Ancestry.com. U.S., Pardons Under Amnesty Proclamations, 1865-1869 [database on-line]. Provo, UT, USA: Ancestry.com Operations, Inc., 2012.
Original data: Pardons Under Amnesty Proclamations, compiled 1865–1869. A1 1005, 26 rolls. ARC ID: 638273. General Records of the Department of State, 1763–2002, Record Group 59. National Archives and Records Administration, Washington, D.C.

About U.S., Pardons Under Amnesty Proclamations, 1865-1869

This database contains copies of presidential pardons granted to Confederate soldiers and citizens.

Historical Background

On May 29, 1865, following the end of the Civil War, President Johnson issued an amnesty proclamation. Under this proclamation former Confederates who had not already taken advantage of President Lincoln’s 1863 amnesty proclamation could receive amnesty upon their taking an oath to defend the Constitution and the Union and to obey all federal laws and proclamations in reference to slavery made during the rebellion. (President Lincoln’s 1863 amnesty proclamation had similar requirements.)

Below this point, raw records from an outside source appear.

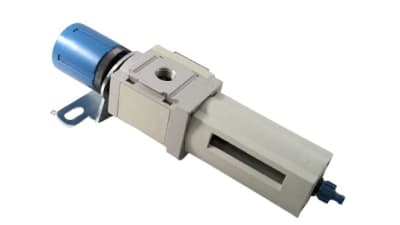 FESTO MS4-LFR-1/4-D5-CRM-WR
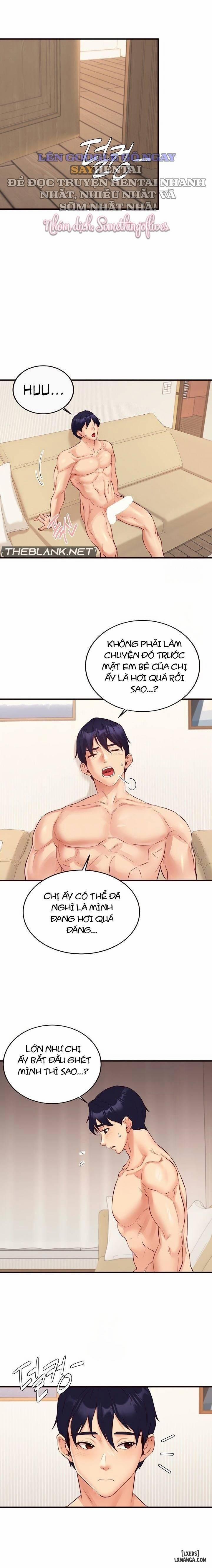 An Introduction to MILFs 48 trang 1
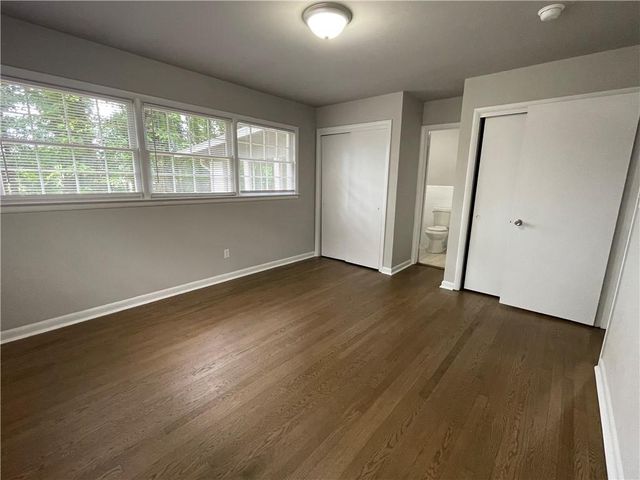 2812 Arlington Road, Atlanta, GA 30344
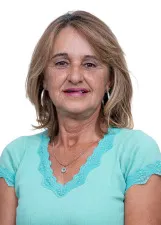 IARA ALVES GONÇALVES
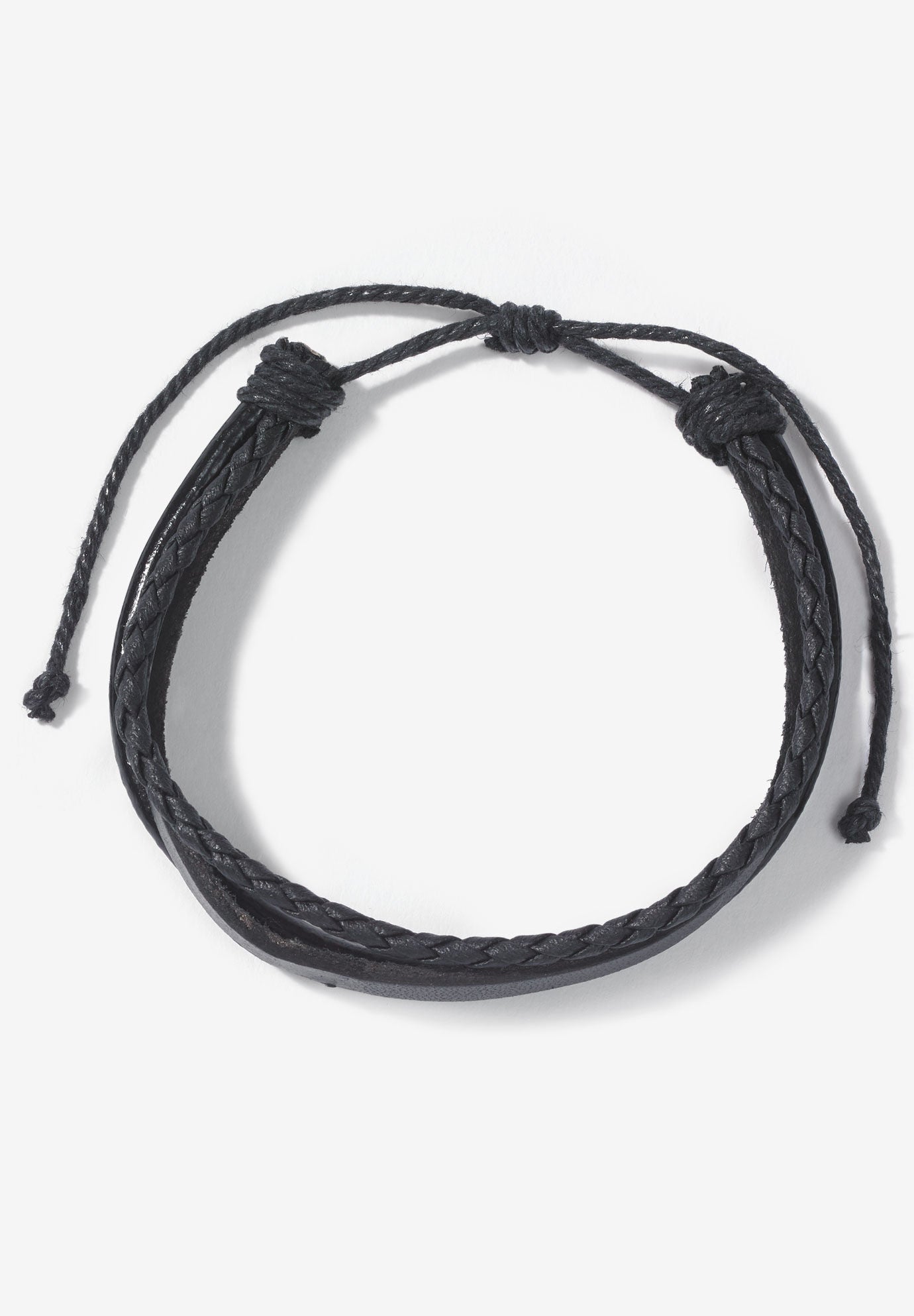 Watch Sets, , alternate image number 2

The proclamation excluded amnesty for the following individuals, except upon special application to the president:

  • individuals who had absented themselves from the U.S. in order to aid in the rebellion
  • graduates of West Point or Annapolis who served as Confederate officers
  • ex-Confederate governors
  • persons who left homes in territory under U.S. jurisdiction for purposes of aiding the rebellion
  • persons who engaged in destruction of commerce on the high seas or in raids from Canada
  • voluntary participants in the rebellion who had property valued at more than $20,000
  • persons who had broken the oath taken under the provisions of the proclamation of 1863
  • civil or diplomatic agents or officials of the Confederacy
  • persons who left judicial posts under the U.S. to aid the rebellion
  • confederate military officers above the rank of army colonel or navy lieutenant
  • members of the U.S. Congress who left to aid in the rebellion
  • persons who resigned commissions in the U.S. Army or Navy and afterwards aided in the rebellion
  • persons who treated unlawfully black prisoners of war and their white officers
  • persons in military or civilian confinement or custody

In September 1867, the president issued a second proclamation which reduced the number of exception categories from 14 to 3. The president received thousands of amnesty applications, and by late 1867 he had already granted 13,500 pardons. Later proclamations would extend amnesty to wider groups until Christmas Day of 1868, when President Johnson issued his final proclamation, which allowed for amnesty to all who had participated in the rebellion.

What You Can Find in the Records

This database contains copies of presidential pardons granted based on the amnesty proclamations made between 1865 and 1868. Documents include an applicant’s name, place of residence, and date of pardon.